## Records supplied
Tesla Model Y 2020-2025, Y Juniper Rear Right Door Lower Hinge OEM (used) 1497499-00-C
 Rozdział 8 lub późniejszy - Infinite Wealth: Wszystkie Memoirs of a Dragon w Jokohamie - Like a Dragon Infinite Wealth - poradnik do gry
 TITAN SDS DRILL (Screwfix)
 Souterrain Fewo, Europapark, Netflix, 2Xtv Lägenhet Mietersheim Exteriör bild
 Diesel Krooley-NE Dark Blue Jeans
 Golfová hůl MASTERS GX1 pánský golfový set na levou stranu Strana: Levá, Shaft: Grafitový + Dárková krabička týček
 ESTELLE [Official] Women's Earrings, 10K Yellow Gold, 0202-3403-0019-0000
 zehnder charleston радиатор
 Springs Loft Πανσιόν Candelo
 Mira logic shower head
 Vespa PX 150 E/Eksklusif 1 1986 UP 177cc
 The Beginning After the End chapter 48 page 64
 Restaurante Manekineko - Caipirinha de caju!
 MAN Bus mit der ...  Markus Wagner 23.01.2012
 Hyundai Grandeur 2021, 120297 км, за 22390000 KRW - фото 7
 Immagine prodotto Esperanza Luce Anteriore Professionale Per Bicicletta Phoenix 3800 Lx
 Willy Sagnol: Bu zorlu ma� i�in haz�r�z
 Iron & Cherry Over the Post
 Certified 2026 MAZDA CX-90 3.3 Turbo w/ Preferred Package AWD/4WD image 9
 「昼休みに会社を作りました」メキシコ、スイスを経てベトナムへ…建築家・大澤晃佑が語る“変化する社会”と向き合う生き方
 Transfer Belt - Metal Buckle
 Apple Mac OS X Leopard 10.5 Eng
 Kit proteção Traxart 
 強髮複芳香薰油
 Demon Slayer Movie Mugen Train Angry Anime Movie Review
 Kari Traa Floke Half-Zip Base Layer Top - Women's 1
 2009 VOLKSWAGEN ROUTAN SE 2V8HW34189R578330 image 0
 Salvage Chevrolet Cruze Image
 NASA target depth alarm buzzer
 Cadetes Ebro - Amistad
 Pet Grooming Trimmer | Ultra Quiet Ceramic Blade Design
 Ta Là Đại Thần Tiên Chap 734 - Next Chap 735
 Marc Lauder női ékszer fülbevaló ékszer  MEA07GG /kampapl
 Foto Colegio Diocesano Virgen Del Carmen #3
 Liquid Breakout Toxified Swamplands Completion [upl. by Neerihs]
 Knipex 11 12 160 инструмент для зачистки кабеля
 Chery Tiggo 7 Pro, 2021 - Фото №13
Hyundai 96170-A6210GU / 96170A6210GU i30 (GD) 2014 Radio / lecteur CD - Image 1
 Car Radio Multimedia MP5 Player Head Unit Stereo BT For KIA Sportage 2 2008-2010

## Exercise prompt
Spot the lines above that mention "Women" and copy them.

## Written answer
 ESTELLE [Official] Women's Earrings, 10K Yellow Gold, 0202-3403-0019-0000
 Kari Traa Floke Half-Zip Base Layer Top - Women's 1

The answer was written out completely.